The nano is Apple's replacement for the most popular of iPods, the Mini, which relied on a small hard drive for data storage. Hard drives drain batteries faster and are prone to damage from violent shocks. For the nano, Apple went with flash memory chips, the kind in your digital camera or keychain hard drive. These are all-electronic devices that are much tougher than hard drives and need less power. That means Apple could shrink the battery -- the largest and heaviest part of an iPod. Besides, the flash chips are smaller than a hard drive -- much smaller. So while the original iPod was the size of a cigarette pack, this one's the length of a business card and the thickness of $1.25 in quarters.
You'll need a lot more change to buy a nano -- $199 for the version that holds two gigabytes of data or $249 for the four-gig model. But that's a reasonable price for so much data storage. Besides, there's the excellent Apple iPod software for managing your music and other stored files. The classic iPod scroll wheel is smaller but as functional as ever. The sound is superb, and amazingly loud for so small a device. A colleague seated about six feet away could hear Pavarotti belting out arias from Verdi's ''Rigoletto." And besides the music, this little thing even comes with a color screen that displays album covers or family snapshots.
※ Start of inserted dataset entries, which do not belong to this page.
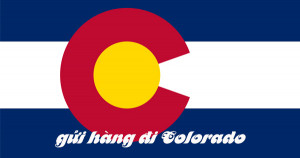 Dịch vụ gửi hàng từ Sài Gòn đi Colorado(Mỹ) giá rẻ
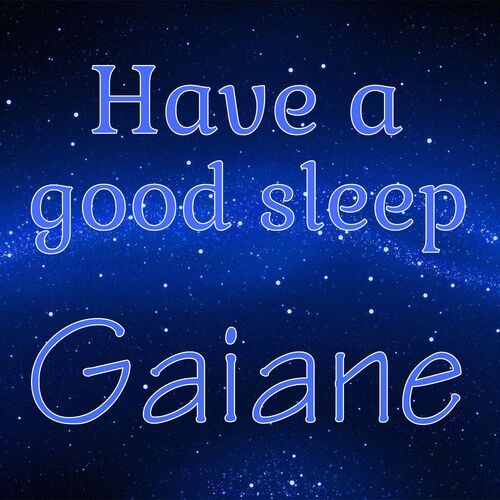 Открытка Gaiane Have a good sleep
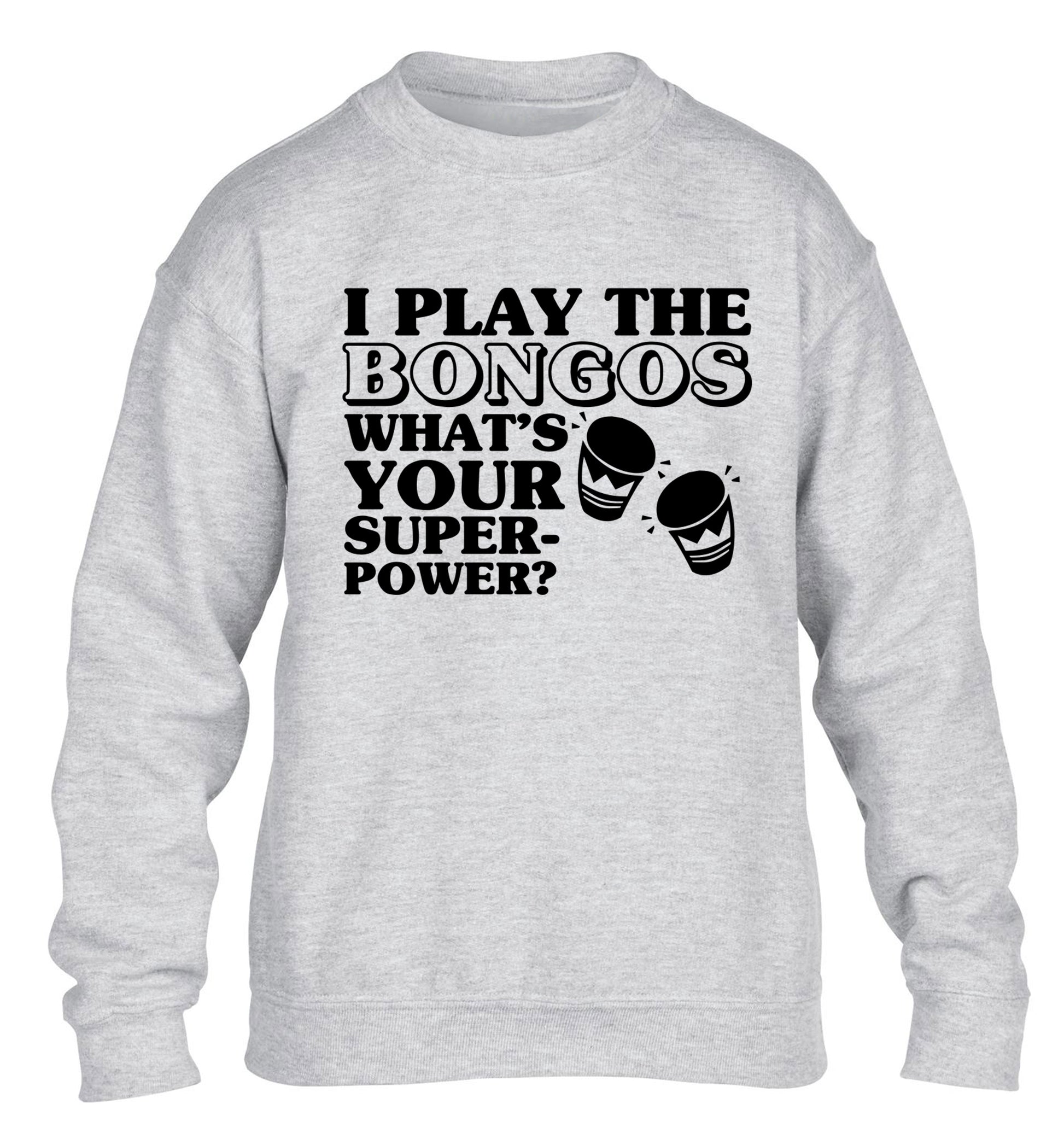 I play the bongos what's your superpower? children's grey sweater 12-14 Years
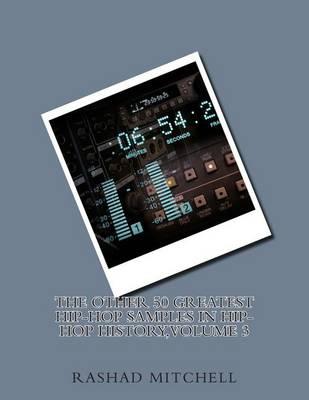 The Other 50 Greatest Hip-Hop Samples In Hip-Hop History, Volume 3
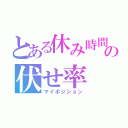 とある休み時間の伏せ率（マイポジション）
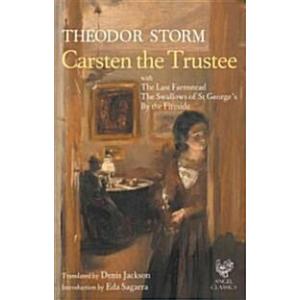 Carsten the Trustee: With the Farmstead St George'...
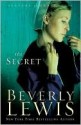 The Secret (Seasons of Grace Series #1) - Beverly Lewis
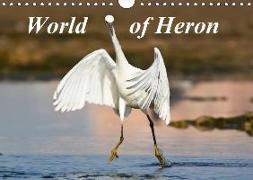 World of Heron (Wall Calendar 2018 DIN A4 Landscape)
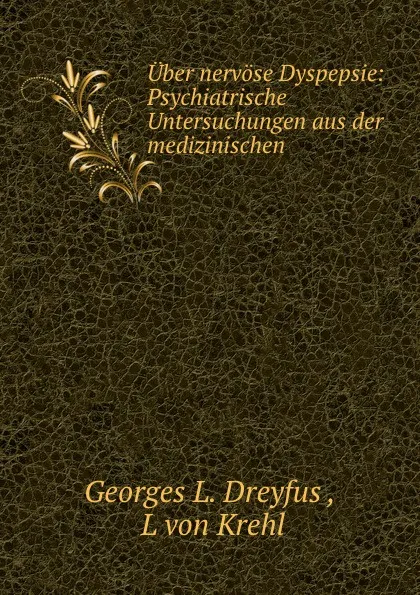 Обложка книги Uber nervose Dyspepsie: Psychiatrische Untersuchungen aus der medizinischen ., Georges L. Dreyfus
The nano is not without minor flaws. Forget about using its color screen as a portable photo album: It's far too small, smaller than the screen of your average cellphone. It's good enough to show off close-up shots of people's faces, but not much else. I used it to view images of my travels through Taiwan, and the only reason I could recognize the pictures was that I'd shot them myself.
But with the help of additional software, you can run slideshows from your iPod by plugging it into any computer. For instance, ThinkFree Inc. makes a $40 office software suite with graphics that play back over any iPod with a color screen. Just plug the iPod into any PC or Mac and let the show begin.
One other quibble. Four years after the first iPod, Apple is still going with mirrored stainless steel for the back of the case. It shows fingerprints, thereby defacing this lovely device the moment you touch it. The iPod Mini's brushed aluminum look is the right idea: Too bad Apple has given it up.
Still, the nano's pretty much a guaranteed hit. I'm not so sure about the iTunes phone, otherwise known as the Rokr and manufactured by Motorola. While the Globe wasn't provided a unit for serious testing, we did get a hands-on demonstration from Cingular Wireless, the cellphone company with exclusive rights to peddle the new phone.
We might have hoped for another Razr, the stunning little cellphone that dazzled the world last year. No such luck. Instead, the Rokr is a drab little lozenge of a camera phone, without a hint of iPod personality -- not even the magical scroll wheel. It's just a cellphone that plays music -- and only 100 songs at that. For this, Cingular hopes to charge $249 with a two-year cellular contract. You're better off spending the money on a nano.
And don't doubt that Apple knows it. The master marketers of high tech knew that after hyping the iTunes since last summer, they needed to serve up something overwhelming.
And so they have. Just not what we expected.